Quant à la négativité du réel, nous n’avons pas d’autre choix que de lui donner de la profondeur et du sens.
Contre la résolution des immondes antinomies et les synthèses de l’abjecte, il nous a toujours semblé nécessaire
d’acter l’abolition du monde, sans concession aucune avec ce que nous sommes.
Si par moment notre point de vue de classe peut passer pour de l’ouvriérisme c’est que l’on se trompe à notre sujet et
sur notre démarche.

Car nous ne nous complaisons pas dans cette place / rôle que nous impose la dictature de la marchandise. Ainsi nous tentons quotidiennement d’éviter de nous délecter de l’assignation ou de l’essentialisation de ce que nous sommes: des prolétaires. Nous n’aspirons pas plus à être ou faire partie de ce peuple si cajolé par les petit-bourgeois du socialisme (national) des intellectuels ou les propagandistes du fantasmatique « pays réel ».

Nous ne sommes ni bons ni mauvais.
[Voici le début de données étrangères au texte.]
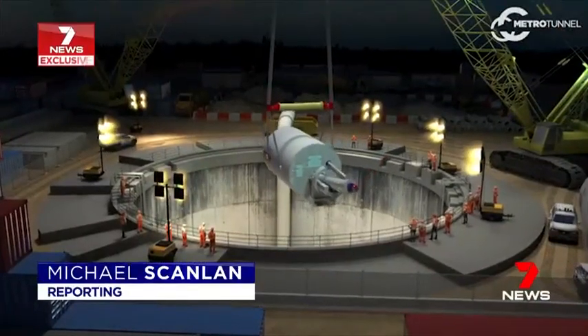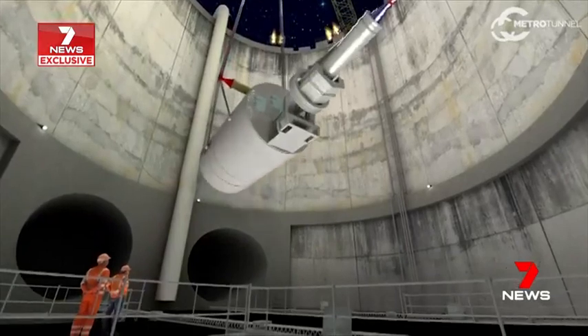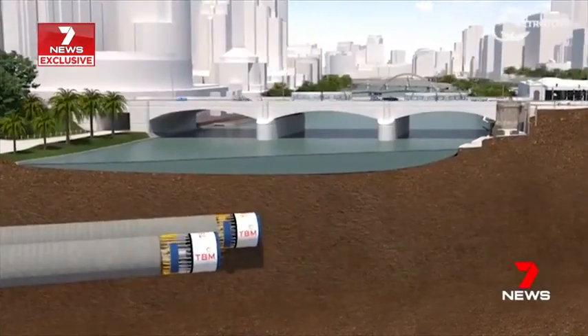The Metro Tunnel's boring machines are huge. Each one is a hundred metres long. Although their work is slow going, every 24 hours they'll cut through just 10 metres of stone and dirt.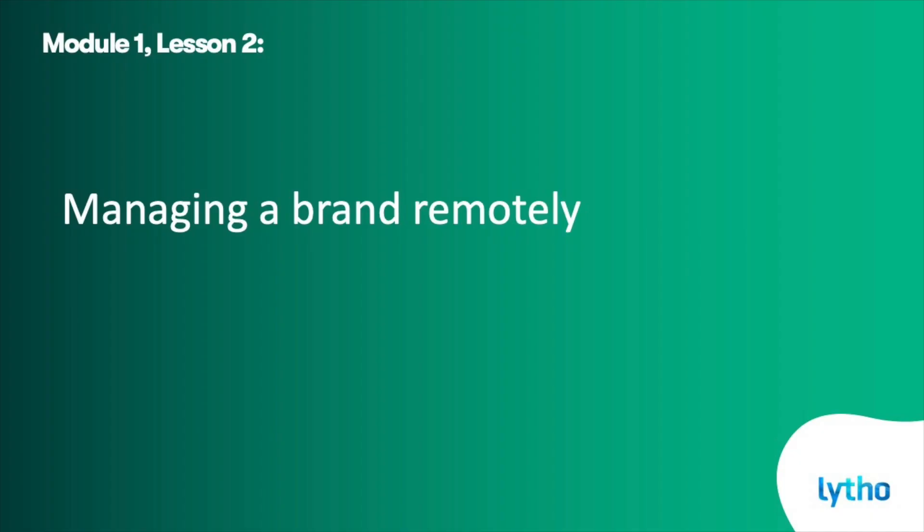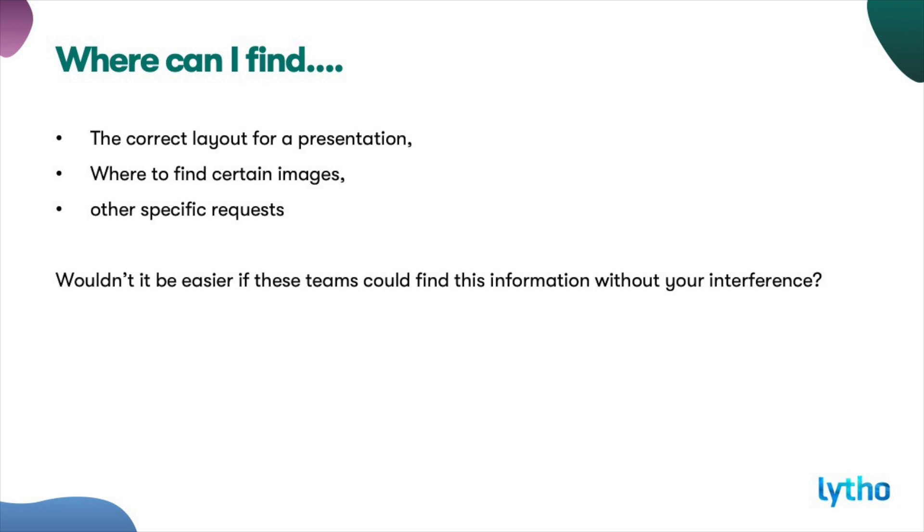Most of the time when a remote team asks for your input, you don't have the time or capacity to answer them directly. Think of questions about the correct layout for a presentation, where to find certain images, or other specific requests. Wouldn't it be easier if these teams could find this stuff themselves very easily without your manual interference? Here are our six solutions for common problems that arise from remote brand and team management.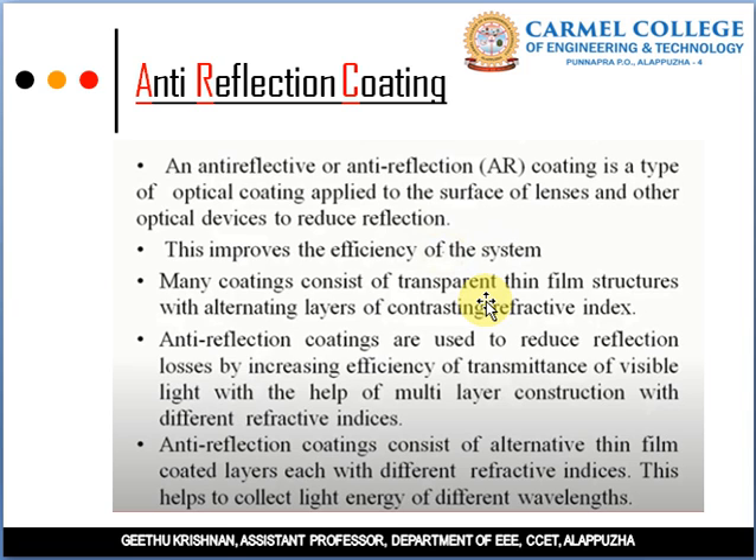In summary, solar selective coatings are classified into two types: non-selective and selective coatings. Non-selective coatings have both high transmissivity and emissivity, so they are not used in solar applications. Selective coatings are classified into three types: Cold Mirror Coatings (transmit infrared, reflect visible light), Heat Mirror Coatings (transmit visible light, reflect infrared radiation), and Anti-Reflection Coatings (reduce the amount of reflection of light). That is all about solar selective coatings.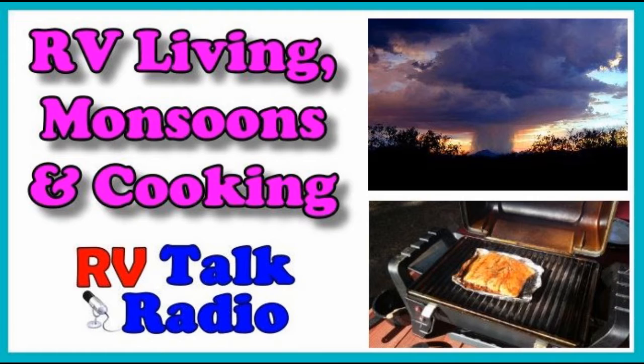Well hello everyone and welcome to RV Talk Radio, where we talk about RV travel, RV living, and RV lifestyles. So grab yourself a cup of coffee or a cup of tea, relax, and let's talk about RVs.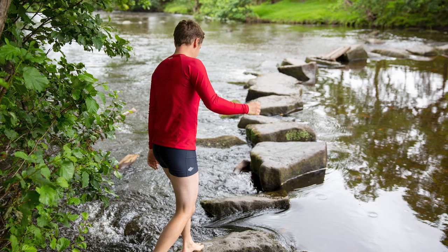It also gives UPF 50 sun protection and stands up well to chlorine and sunscreen. So that's our Breden shorts, streamlined swim shorts for warmer waters or a quick cold plunge.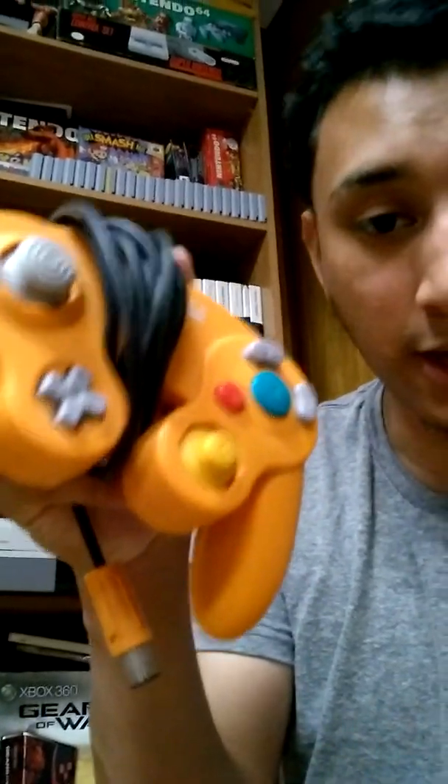They also had an orange spice GameCube controller for five bucks. I picked it up because it's limited and the joystick's related. I also picked up another system — let me grab it.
L’idiotie et la bêtise n’épargne aucune classe. Si par moment nous mettons en gras la stupidité et la petitesse des exploités c’est que nous sommes féroces avec nous-mêmes et que nous n’idéalisons pas ce que nous vivons, pensons, ceci contrairement aux promoteurs de la décence
commune qui se proposent en utilisant la flagornerie de nous raconter et nous vendre des historiettes populaires et
consolantes sous toutes les déclinaisons possibles.
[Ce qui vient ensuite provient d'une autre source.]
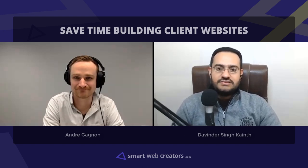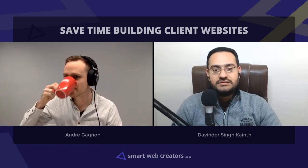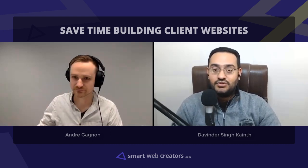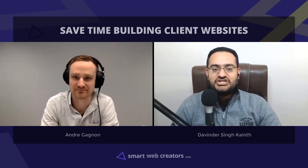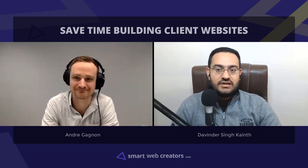We are building websites way faster than before, thanks to many helpful tools that give us a quick head start. However, time still has to be spent in every aspect — understanding project requirements, communicating with clients, revisions, and the list goes on. Here is Andre from Project Huddle sharing about the time mix while building client websites. Let's welcome Andre on the show.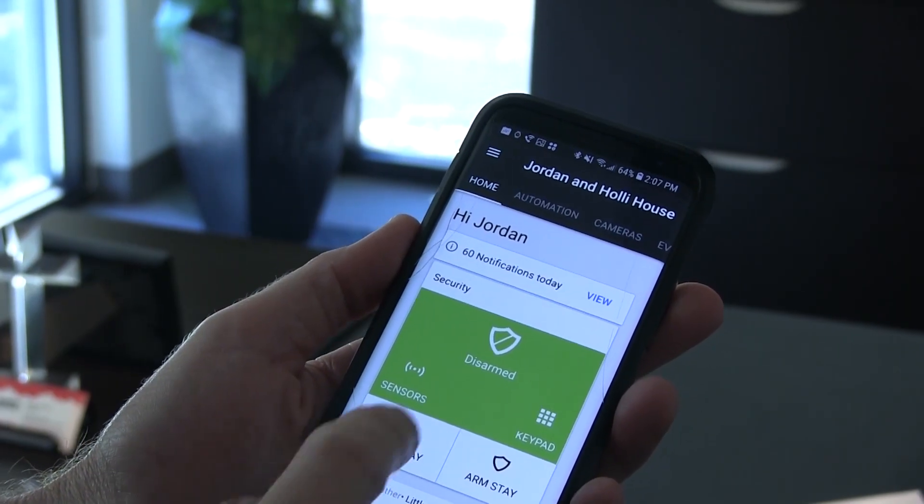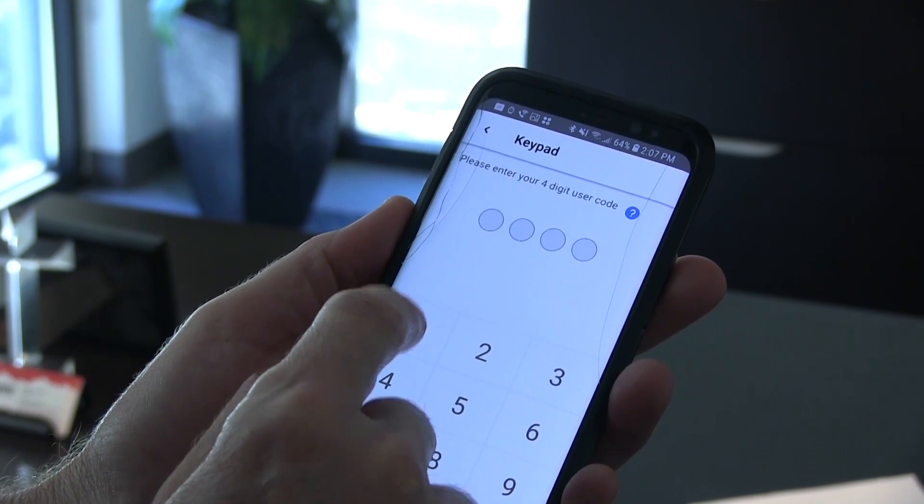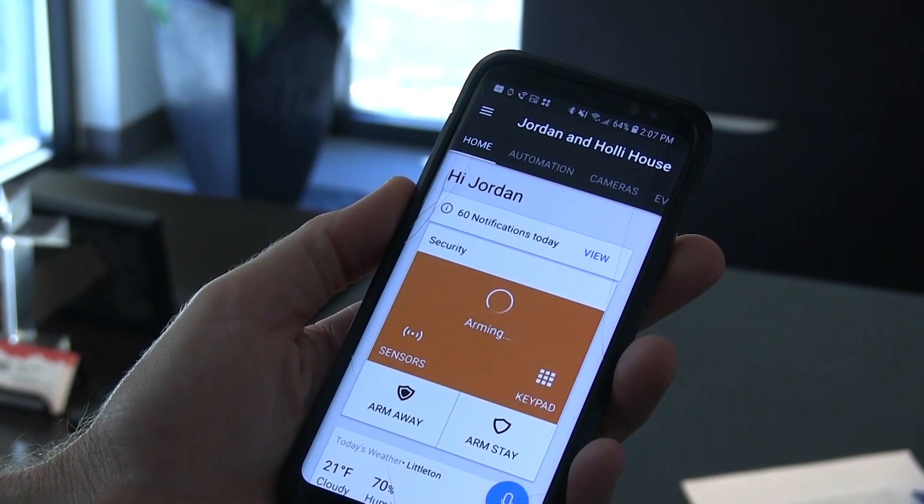Not only can you arm and disarm the system when you're not at your home or at your business, you can do far more than that. You can manage your codes remotely — add a code for a new employee, delete the house sitter's code when you get back from vacation, things like that.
Nous ne souhaitons aucune popularité au(x) peuple(s) et même aux prolétaires, sinon leurs définitives disparitions.

Quand le peuple est populaire c’est que le supraclassisme n’est jamais loin. C’est qu’on tente en unifiant d’éteindre le
brasier de la guerre des classes. C’est qu’on délimite les luttes dans l’espace national et local alors que c’est la totalité du monde qui doit brûler.

Quand le peuple est populaire c’est que qu’on s’apprête à le racketter une nouvelle fois, qu’on lui prépare une nouvelle facture ou une laborieuse feuille de route. Quand le peuple est populaire c’est qu’on lui vend son
auto-hallucination comme une émancipation. Quand le peuple est populaire c’est qu’on lui propose un
« partage équitable » sur la base du mode actuel de production et un idéal de « justice » dans des rapports
juridiques qui ont leur origine dans la société basée sur l’exploitation.

Quand le peuple est populaire c’est qu’on tente de lui faire oublier qu’il doit en finir avec ce qui fait sa condition première, celle d’être un exploité.

C’est pourquoi nous ne sommes pas le peuple.